The HDFS storage capacity is insufficient, so you need to add a new disk to expand capacity. You can expand capacity in either Linux or HDFS. You can view the dfs.datanode.data.dir value of the HDFS datanode directory in fFS-site. XML

Linux level

In Linux, the partition or logical volume mounted by the DATanode of the HDFS is expanded

If it is directly on the fixed partition and disk and allowance can be partitioned expansion reference: blog.51cto.com/wutou/17829… The disk space management mode mounted directly to the partition is very inconvenient, and the capacity expansion is prone to errors. In addition, only when the disk space is available, the space of two disks cannot be used together. If the space of one disk is used up, the partition on the original disk cannot be expanded even if a new disk is added. Hence the logical volume management LVM

If LVM manages disk partitions, you can easily create physical volumes, expand the volume group to which the logical volumes mounted by Datanode belong, and then expand the logical volumes. For details, see linux.cn/article-321…

HDFS level

capacity

This does not need to expand the original space. You need to modify the dfs.datanode.data.dir value of hdFS-site. XML to add a new directory, for example

<property>
	<name>dfs.datanode.data.dir</name>
	<value>
		/hadoop/hdfs/data,
		/data/hadoop/hdfs
	</value>
</property
Copy the code

Multiple directories are separated by commas, so as long as the new disk partition is mounted to the new directory (partition method is optional, preferably permanent), set user permissions for the new directory that needs to be added

chown -R hdfs:hadoop dirPath
Copy the code

Modify dfs.datanode.data.dir and restart datanode

./bin/hdfs dfsadmin -report
Copy the code

You can view the storage capacity of each Datanode

Resolving data skew

However, this method only adds a new disk to the HDFS, and the space of the original disk is still used up. If the capacity of the old disk is smaller than that of the new disk, the old disk still fills up faster than the new disk after the HDFS continuously adds new data. To prevent the HDFS storage capacity from expanding infinitely and filling up the disk, or even causing the system disk to fill up, you can set dfs.datanode.du.reserved to reserve disk space. This parameter is set in HDFS -site. XML.

<property>  
    <name>dfs.datanode.du.reserved</name>  
    <value>32212254720</value>  
</property>
Copy the code

30 GB disk space (byte) is reserved. If 30 GB or less disk space is available, data copies will not be saved to the disk.
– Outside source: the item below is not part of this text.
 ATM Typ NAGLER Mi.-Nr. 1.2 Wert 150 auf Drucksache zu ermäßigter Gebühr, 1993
However, this still does not solve the problem that the old disk space is still occupied during the current expansion. In this case, you need to move the copy of the old disk to the new disk. However, the HDFS does not provide this function, so you can only save the country by deleting unnecessary files (some file copies may exist on the old disk).

If you don’t want to move any data, can use a copy of the lifting methods, such as a copy of the original hair amount to 3, reduce the number of copies to 2, it will delete some copy, will delete existing old disk copy from some, and then rise in the number of copies to send a copy of the original number, such as set up disk space reserved, The new copy is stored in a new disk. The setrep -w command of HDFS is used to raise and lower the copy. -r adjusts all files in the entire folder recursively.
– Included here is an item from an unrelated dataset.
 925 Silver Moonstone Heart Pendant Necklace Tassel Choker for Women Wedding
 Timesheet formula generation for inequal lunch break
hadoop dfs -setrep -w -R 2 path
hadoop dfs -setrep -w -R 3 path
Copy the code

Finally, the Hadoop Balancer tool is used to adjust the data balance of the individual Datanodes.

Official description of Balancer:

The balancer is a tool that balances disk space usage on an HDFS cluster when some datanodes become full or when new empty nodes join the cluster.
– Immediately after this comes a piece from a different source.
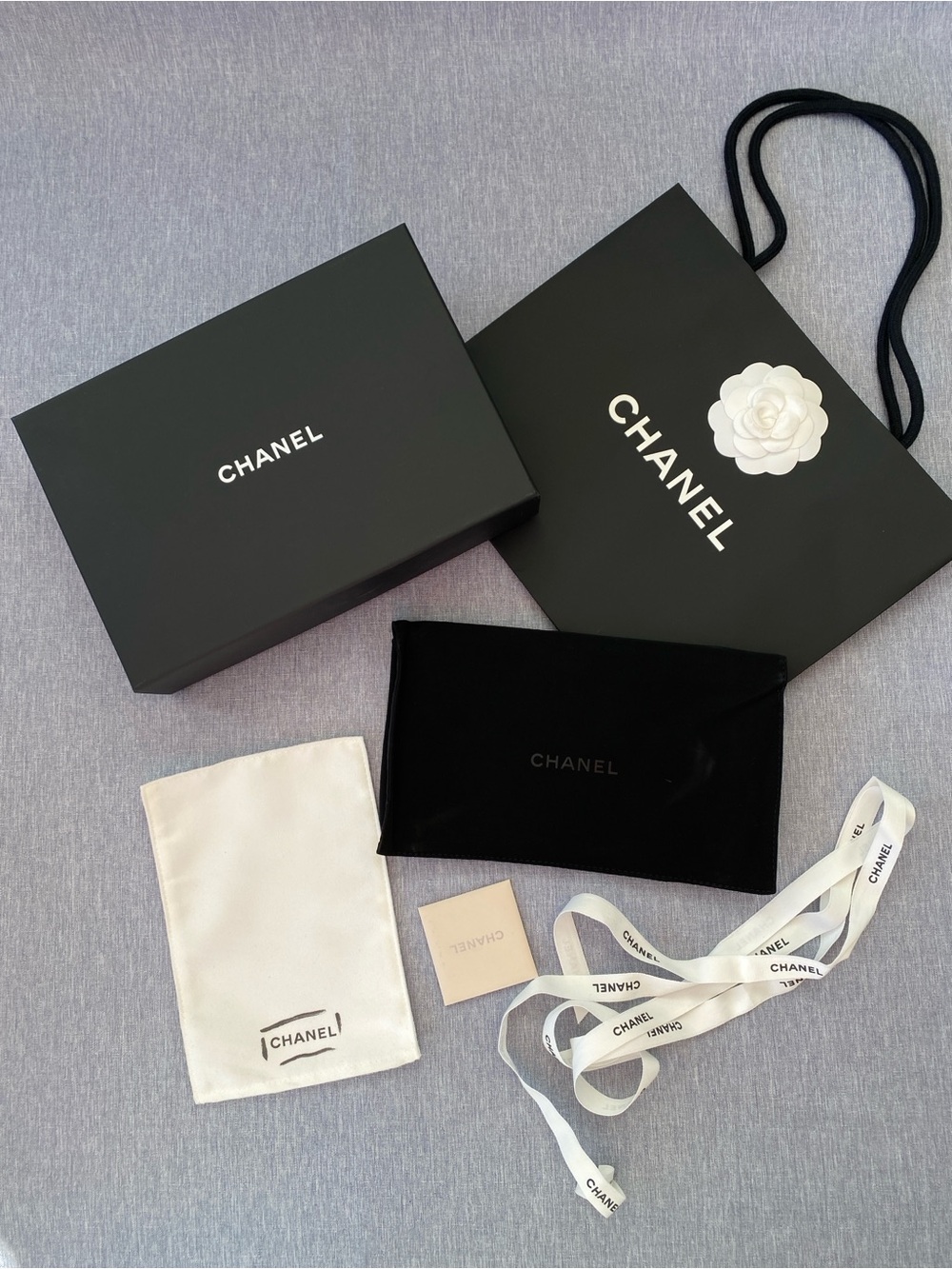 Authentic CHANEL | Full Packaging Set - Box Pouch Shopping Bag Cleaning Cloth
The tool is deployed as an application program that can be run by the cluster administrator on a live HDFS cluster while applications adding and deleting files.

Balancer command

hdfs balancer [-policy <policy>] [-threshold <threshold>] [-exclude [-f <hosts-file> | <comma-separated list of hosts>]]  [-include [-f <hosts-file> | <comma-separated list of hosts>]] [-source [-f <hosts-file> | <comma-separated list of hosts>]] [-blockpools <comma-separated list of blockpool ids>] [-idleiterations <idleiterations>] [-runDuringUpgrade]Copy the code
COMMAND_OPTION Description
-policy datanode (default): Cluster is balanced if each datanode is balanced. blockpool: Cluster is balanced if each block pool in each datanode is balanced.
-threshold Percentage of disk capacity. This overwrites the default threshold.
-exclude -f | Excludes the specified datanodes from being balanced by the balancer.
-include -f | Includes only the specified datanodes to be balanced by the balancer.
-source -f | Pick only the specified datanodes as source nodes.
-blockpools The balancer will only run on blockpools included in this list.
-idleiterations Maximum number of idle iterations before exit. This overwrites the default idleiterations.
-runDuringUpgrade Whether to run the balancer during an ongoing HDFS upgrade. This is usually not desired since it will not affect used space on over-utilized machines.
-h --help

Here I just tune the percentage difference between datanodes

hdfs balancer -threshold 5
Copy the code

This can resolve hadoop data imbalances.